Our arrival was not completely ideal.  The park ranger was off doing patrol when we arrived, so we followed the instructions and parked ourselves in our reserved spot.  This was a little tricky due to the narrow pavement areas in the sites, and we needed two leveling blocks on the sea side of the trailer to make it level.  With the wind making communication difficult, it took a little more effort than usual, but in about 15 minutes we were set up, unhitched, and ready to settle in.  Then I went back to the ranger station to check in, and discovered that we were in the wrong site.

After driving 300 miles, I was a bit tired and it was already five o’clock.  But there was nothing to do about except break camp, hitch up again, and push the Airstream backward about fifty feet to the correct site, then repeat the entire performance of setting up again.  It was about six by the time we had it all done.

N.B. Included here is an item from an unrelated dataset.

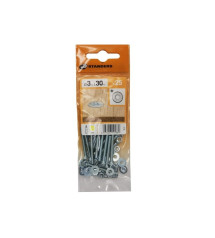 Lot de 25 boulons tête autofraisée plate acier zingué L.30 X Diam.3 Mm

horseneck-beach-office-view.jpgWell, these things happen.  I can’t pretend I was happy about it, but I knew that once the job was done we could settle in and do basically nothing for the next two days.  We have a few ideas of what we might do today and tomorrow, but it is Labor Day and everyone knows that Americans celebrate Labor by doing nothing laborious.  So I don’t plan to do any work this weekend, other than a little blogging.  But if I did, could I ask for a better office window view?

Solar power report.  There are no hookups in this park, so we are using only solar power.  We started yesterday with full batteries, of course, and at 8:00 a.m. this morning our Tri-Metric battery monitor reports -28.3 amp-hours.  That’s about average for us for one night, with no furnace use and minimal laptop use. Today we expect full sun all day.


  1. says

    Excellent shot of Emma on the Hobie Cat! She really does look like a pro out there! =) 15 books a month?! Wow!! That’s awesome! It looks like she really has grown a lot (height wise) since the last time we saw her. You must be so proud to have such a mature and highly intelligent young lady for a daughter. :)

    Horseneck Beach looks beautiful! Glad the Airstream is up and running and you all are having a good time!

    Happy and safe travels! =0)

  2. insightout says

    Our dog, Jack, as he is so inclined, faithfully reads your blog. However, today’s entry left him visibly shaking (like an airstream on a windy shore) and voicing these concerns;

    You have no pet, but have complaints about ‘funky wet-dog smell’ ?

    Photographic proof of your daughter riding a cat.

    Disgust at bird droppings, harmless vermont winged creatures who were there long before you parked.

    Camping on a beach made of horsenecks ?

    A.S.P.C.A. and PETA have the weekend off ?

    Is tonight’s entertainment a dvd of “Bye bye birdie” ?

    We’ve hidden Jack’s cell phone to prevent him from calling his lawyer.